Aqui, passaram-me a sobrar semanas. Deslumbrei-me. Também com a qualidade de vida. Uma pessoa pode entrar às nove e sair às cinco, ganhar três vezes mais do que paga de renda e infantários (que aqui são subsidiados por toda a gente, entre câmara, Misericórdia e Segurança Social). É uma tranquilidade. O único dia em que há trânsito, isto é, dois carros num semáforo, é à sexta-feira, em que há mercado semanal.

Lembro-me que nos primeiros dias, depois de chegar, deixavam-me um saquinho de legumes à porta. Fazem muito isso. Sabem que alguém chega, não tem terras cá, e lá nos põem à porta batatas, cenouras… é uma coisa muito agradável. Mas há o outro lado, o do controlo social. Dá-me um certo gozo dizer que se o meu filho sair da escola, e se eu perguntar a duas ou três pessoas, alguém saberá onde ele está. Mas isto também significa uma perda de privacidade e de anonimato a que estávamos habituados nas cidades, onde nem se sabe o nome do vizinho de baixo.
Uma vez cheguei de Lisboa, bati à porta da minha ex-mulher, e foi a do lado que se abriu, e foi a vizinha quem me disse: ‘Os seus filhos foram ao cinema.’ Temos de aprender a viver com isto. Eu não conhecia a senhora. Mas ela sabia que os meus filhos estavam no cinema. Aliás, aqui há dias, voltei ao cinema com eles em Lisboa. Foi um susto. Paguei 38 euros. Em Trancoso pagamos pouco mais de sete.

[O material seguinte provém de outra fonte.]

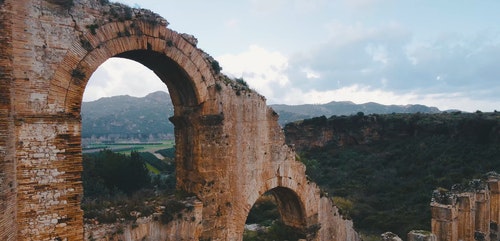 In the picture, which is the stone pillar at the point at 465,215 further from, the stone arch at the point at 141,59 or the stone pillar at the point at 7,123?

Foi aqui, em Trancoso, que conheci a Ana Linhares e o Alexandre Ferraz e que, a três, desenhámos o projecto dos Novos Povoadores. O Alexandre, que é do Pombal, tirou um curso de turismo, era recepcionista de um hotel, e veio para cá em 2002 porque foi aqui que encontrou um emprego qualificado.
A Ana é de Barcelos e veio atrás do Alexandre, e atrás de emprego.

Somos o Santo António
Foi aqui que nos cruzámos todos, e isto já é um sinal das dificuldades que pode haver na integração numa comunidade rural. Não é por acaso que três pessoas que são de fora é que se juntam. Porque há dificuldade. Se tivéssemos sido acolhidos de outra maneira, este projecto não teria sido concebido assim e até podia ter sido feito com pessoas de cá. projecto Novos Povoadores surgiu de uma conversa com o Alexandre. Começamos a partilhar as dificuldades do desenvolvimento nestes territórios. Se estes territórios têm qualidade de vida para oferecer, por que é que as pessoas não os habitam? Chegamos à questão simples: porque não têm emprego.
Mas, então, eu também não tenho emprego em Trancoso e é aqui que eu moro. Sou assim uma ave tão rara? Há mais pessoas que podem fazer isto.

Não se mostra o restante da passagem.